The Circle Theater is jammed to the aisles for the last day of "Casablanca" and "To Have and Have Not." Lauren BaCall tilts her head, looks Humphrey Bogart in the eye, and says, "You know how to whistle, don't you, Steve?" Suddenly, over your left shoulder comes a voice: "Listen to this -- the next line is really terrific!" sThe spell is broken.
Time was when any theater-goer who talked during a movie would be shushed promptly by those who sat around him. Now they are too busy talking themselves to notice.
And what ever happened to that usher who always seemed to be at your elbow the moment you set your friends howling with a witty remark or draped your legs over the empty seat in front of you? He zapped you with a flashlight beam, and you got the message.
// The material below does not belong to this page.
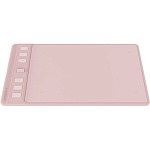 11007686 Графический планшет HUION Inspiroy H641P розовый [h641p pink]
Under the tutelage of such flashlight-toting ushers, a generation learned its movie manners.
As you grew up, you found there was a reason for the rules. Once the lights dimmed and the chatter subsided, you were transported to a world as close to dreaming as you could get without shutting your eyes. The rest of the audience disappeared in the darkness, and you were swept into the movie.
You were alone on the moors with "The Hound of the Baskervilles"; you paled with Melanie as she lay dying in "Gone With the Wind"; you thundered across the plains to "Fort Apache" as if your scalp depended on it; your body ached for Paul Newman in "cat on a Hot Tin Roof." Every experience was yours personally. Only the audience's collective gasps, screams and laughter yanked you out of the action and back into your seat.
Nowadays, you're lucky if yo can follow the plot for all the distractions.
Halfway through "Ordinary People" at the Janus 3, the audience has quieted down to intermittent sniffling, but the ushers are hanging around blathering outside the doors. So much for the old-fashioned keepers of the peace and quiet.
We have forgotten our movie manners. The Me Generation has had something to do with it; and certainly television has inspired some bad habits. Interruptions are endemic to TV viewing: Shows require minimal attention and play to family wisecracks and editorializing, with frequent pauses for Robert Young pushing Sanka and Karl Malden trumpeting American Express.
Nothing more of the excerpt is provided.